# May Meeting



## Maple (20/5/11)

Guys,
Just a reminder that the May meeting we will going through the experiment (and more importantly - the results) of the Chill vs No Chill brew.

Explanation of what, why, and how will be discussed, but we want you to see how much, if any difference it can may make. Blind tasting of course, and see if you can pick the method.

See you there!


----------



## Fourstar (20/5/11)

Maple said:


> Blind tasting of course, and see if you can pick the method.



... and pick the brewer too! 

The plan is to bring a couple of L down of each from myself and Maple so there should be more than enough to go around between tastings.


----------



## Wolfy (20/5/11)

Fourstar said:


> ... and pick the brewer too!


Has Maple learned to brew without using Rye, or is that guess going to be easy?


----------



## Maple (20/5/11)

Wolfy said:


> Has Maple learned to brew without using Rye, or is that guess going to be easy?
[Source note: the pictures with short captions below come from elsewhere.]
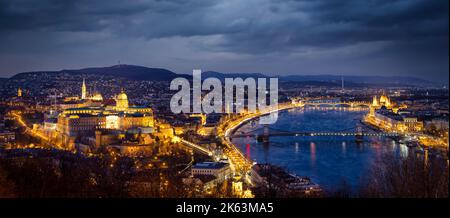 Erhöhter Panoramablick auf die Skyline von Budapest, Ungarn, während der Winterabendzeit Stockfoto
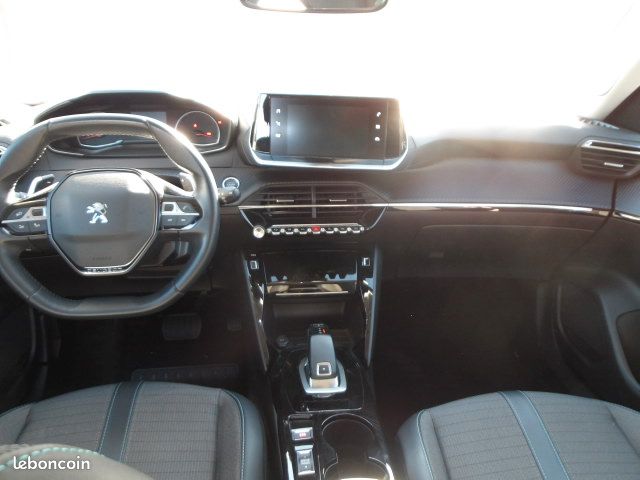 Peugeot 2008 PureTech 130 S&S EAT8 Allure (image 16)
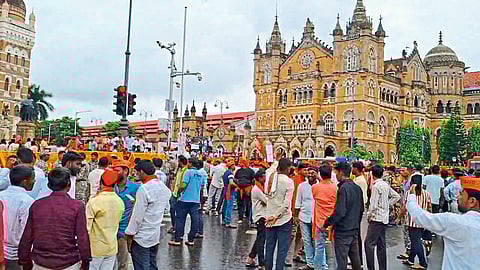मराठा बांधवांच्या मदतीला कॅप्टन आशीष दामले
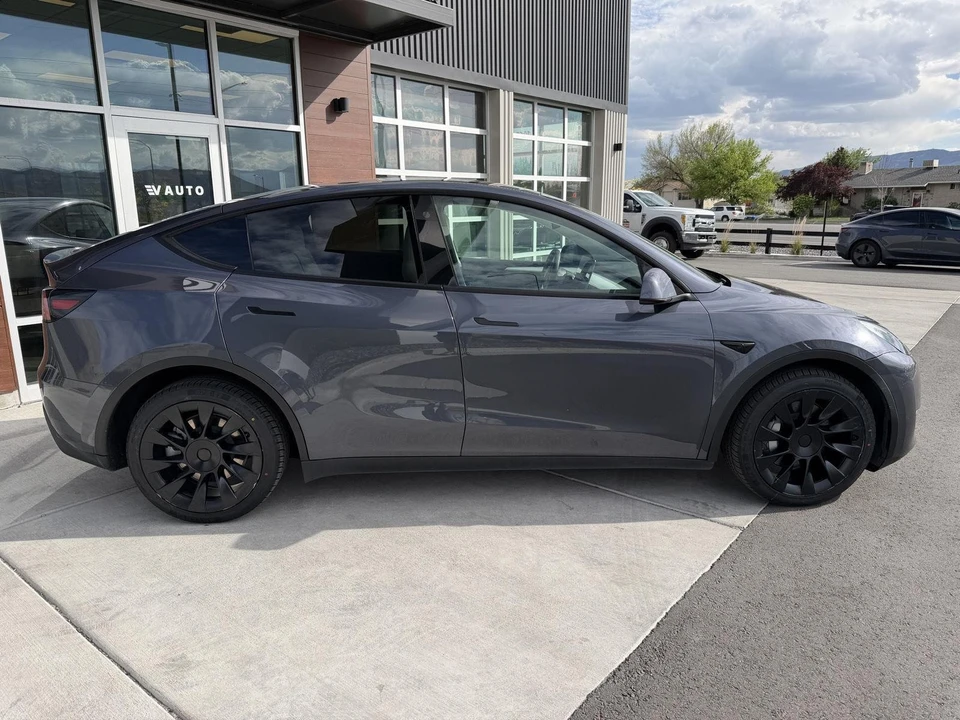 2023 Tesla Model Y - Image 9 of 26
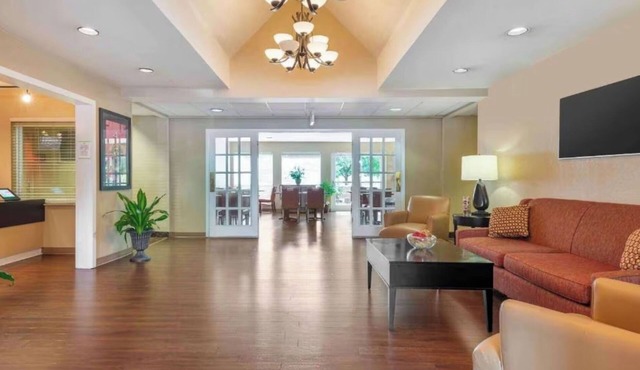 Studio 6 Corporate Extended Stay Philadelphia Malvern Swedesford Rd. PA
This was a limited edition, and now the 3rd time no rye has been imparted.* I felt soo wrong doing it, was kinda cool.

*during the mashing process.


----------



## Fourstar (20/5/11)

Wolfy said:


> Has Maple learned to brew without using Rye, or is that guess going to be easy?




Its ok, dont worry! He had a support network. I held his hand throughout the brewing process to make sure he wouldnt relapse. He did break down a few times, had a nervous shake and was sweating like a heroin addict but my reassuring words let him know everything would be OK. B)


----------



## Maple (20/5/11)

Fourstar said:


> Its ok, dont worry! He had a support network. I held his hand throughout the brewing process to make sure he wouldnt relapse. He did break down a few times, had a nervous shake and was sweating like a heroin addict but my reassuring words let him know everything would be OK. B)
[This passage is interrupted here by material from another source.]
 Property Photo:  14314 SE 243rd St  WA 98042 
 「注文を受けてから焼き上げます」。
I did mean to thank you for helping me through it, but yeah. It was a bit scary. All's well that ends well though, he was feeding me rye grains to pacify the inner demons.

But in all seriousness, it should be an interesting result, and keen to here what the club thinks.


----------



## Charlievee (25/5/11)

Great night, thanks guys. The beer in question was VERY well made too. I also tasted a few from the members there. They were also of an excellent quality. I think I've found my second home..... Regards, CV


----------